_What to work on_. Below are records to repeat exactly; do not include any pictures.
------ Given information
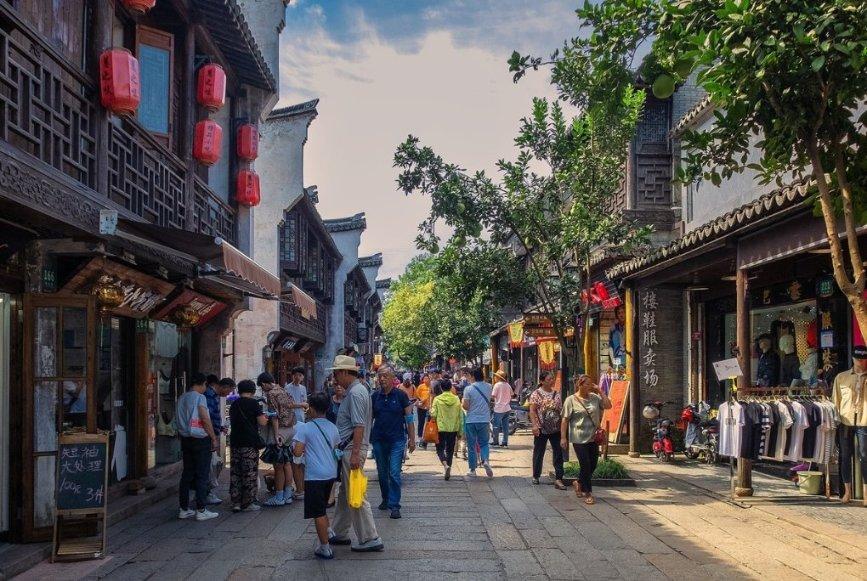 六轮不胜，武汉长江队下滑到了降级区边缘，他们究竟能否逆袭呢？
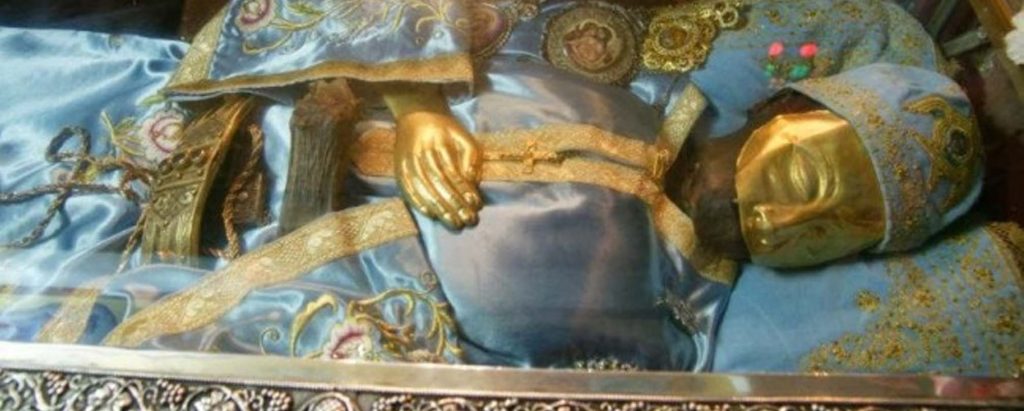 Ο Μητροπολίτης Χαλκίδας ανακοίνωσε την έλευση του δεξιού χεριού του Οσίου Ιωάννη του Ρώσου στο Προκόπι Ευβοίας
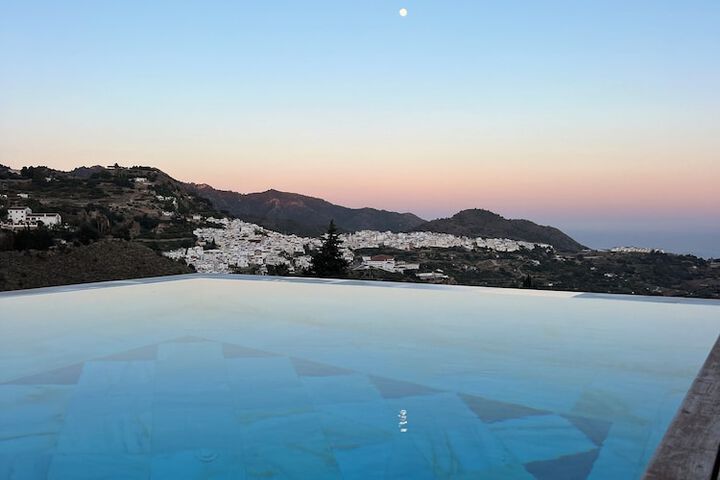 Pool 87 of 134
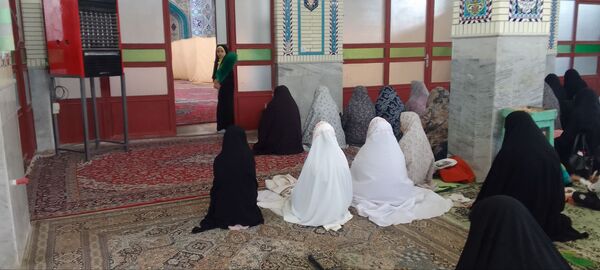 نماز جمعه میعادگاه عشق 
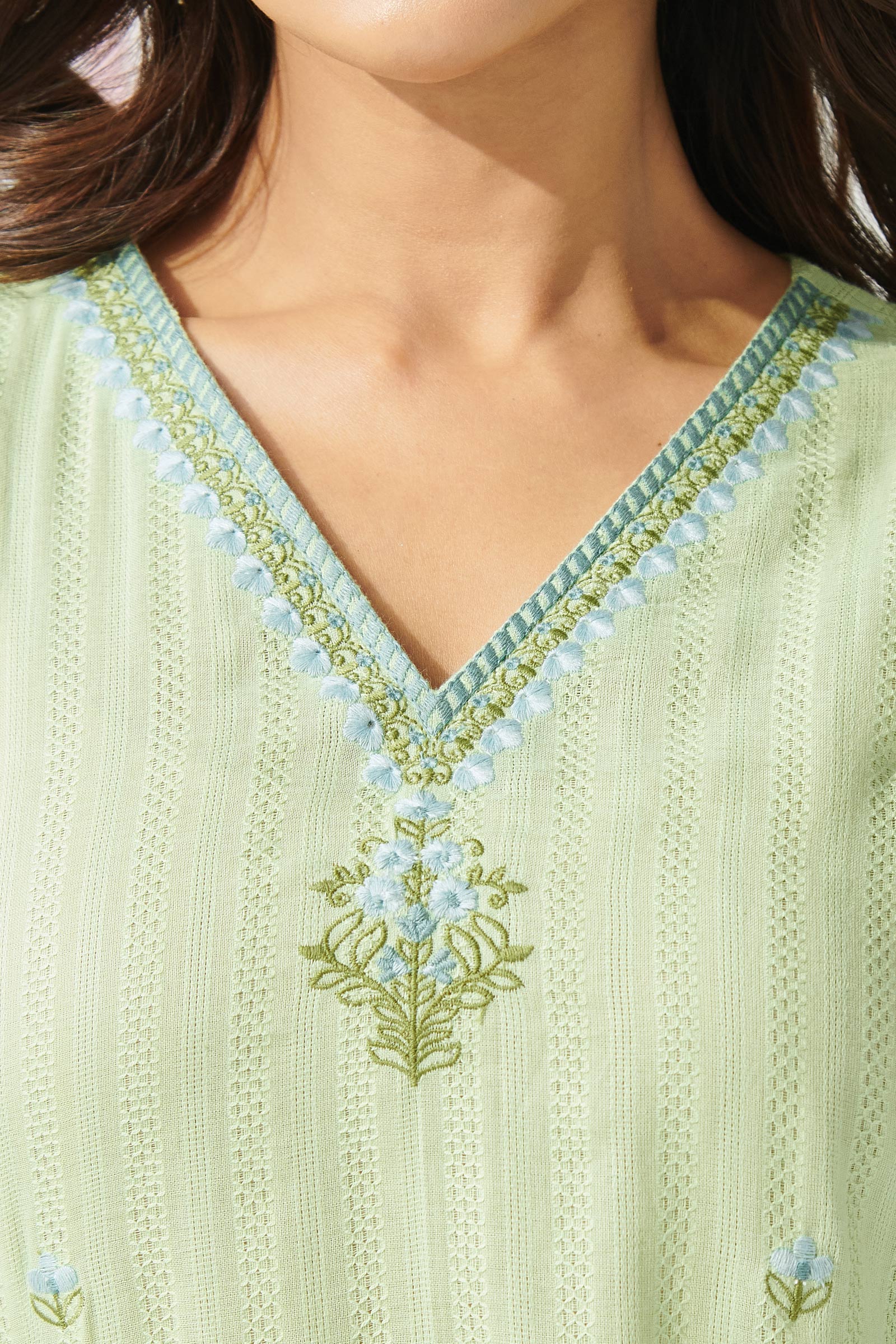 Surplus: Mehraab Amira Green Kurta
------------
_Finished task_.
 六轮不胜，武汉长江队下滑到了降级区边缘，他们究竟能否逆袭呢？
 Ο Μητροπολίτης Χαλκίδας ανακοίνωσε την έλευση του δεξιού χεριού του Οσίου Ιωάννη του Ρώσου στο Προκόπι Ευβοίας
 Pool 87 of 134
 نماز جمعه میعادگاه عشق 
 Surplus: Mehraab Amira Green Kurta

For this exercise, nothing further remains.